* _To do_:
Set down each line of the material that follows exactly, and leave its pictures out.

* _Collected material_:
-- Opening Marker --

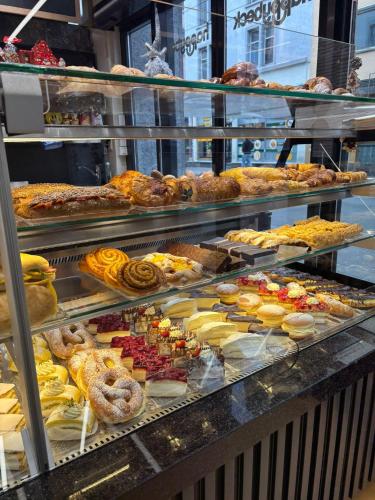 a display case with many different types of pastries at Nani City Hotel in Zürich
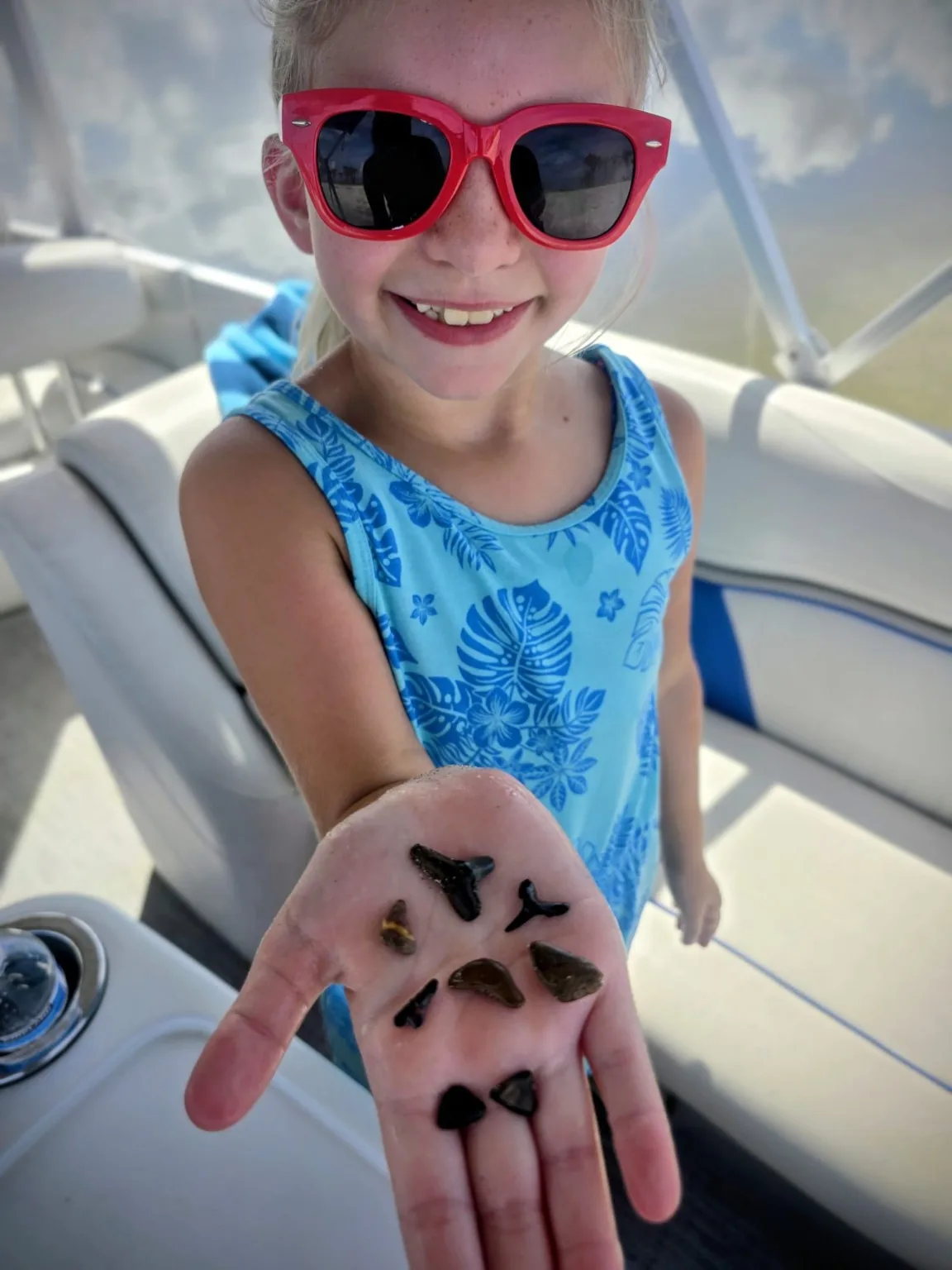 Young guest showing shark teeth found during an Aquaholic Venice cruise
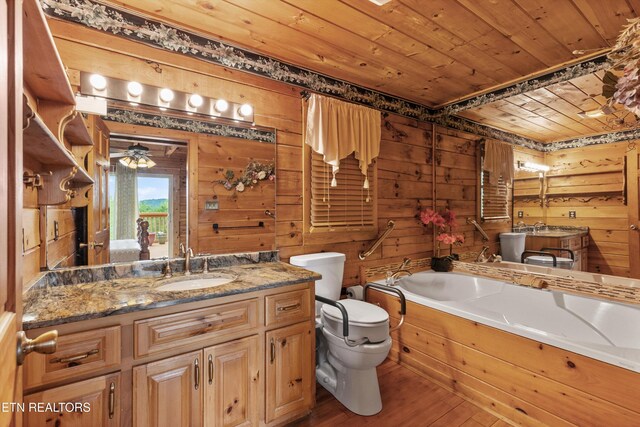 1949 E Mountain View Way, Sevierville, TN 37876 - bathroom with wood ceiling, toilet, a bath, wood finished floors, and wood walls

-- Closing Marker --

* _Solved exercise_:
 a display case with many different types of pastries at Nani City Hotel in Zürich
 Young guest showing shark teeth found during an Aquaholic Venice cruise
 1949 E Mountain View Way, Sevierville, TN 37876 - bathroom with wood ceiling, toilet, a bath, wood finished floors, and wood walls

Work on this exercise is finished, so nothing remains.